Running like a thread through the variegated fabric of her career has been her commitment to education.

“When I started at Temple Micah, there were eight kids in the religious school. Now there are 50 kids,” Greenspan said. “It’s one of my strengths, the field of education, and that just sort of happened naturally. It’s been very gratifying to watch the synagogue’s religious school grow.”

Congregation president Mary Kuller of Princeton Junction agreed. “She has just been marvelous for us,” said Kuller, who presided over the congregation’s farewell brunch honoring Greenspan in late May. “One of her biggest priorities has always been education. That’s been her strength and her driving force. She just stressed education as the path for everyone to find their own comfort zone in Judaism.”

President emeritus Bob Pollack of Lawrenceville also said Greenspan’s “forte has been getting the kids engaged and involved in Judaism,” noting that the rabbi inaugurated Temple Micah’s confirmation program.

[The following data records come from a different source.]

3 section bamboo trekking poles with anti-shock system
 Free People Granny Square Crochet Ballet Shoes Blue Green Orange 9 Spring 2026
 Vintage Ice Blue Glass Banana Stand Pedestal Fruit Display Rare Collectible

Ray Wolkind of Plainsboro, a longtime temple board member and former vice president, called the transformation of the religious school under Greenspan’s leadership “extraordinary.”

“We needed to have someone build that school, or there would be no more Temple Micah,” Wolkind said.

Congregational vice president Faith Wight of Hamilton, a fourth-grade teacher in the religious school, credits Greenspan with helping her and her family make a solid connection with Judaism.

“My life and the lives of members of the congregation have been made so much fuller because of the rabbi’s enthusiasm, leadership, and love of Judaism,” she said.

Back in the fall of 1992, when Greenspan led her first High Holy Day service at Temple Micah, she was pregnant with her daughter, Adina. Now Adina is 19 and off to college, the rabbi said.

“Just as she has started the next part of her life, it’s time for me to open the door on the next part of my career,” she said. “I’m excited. It’s going to be a challenge.”

But her excitement is tempered by a sense of sadness, Greenspan added. “It’s hard to say goodbye; it’s hard to say goodbye to people you’ve known for 20 years.”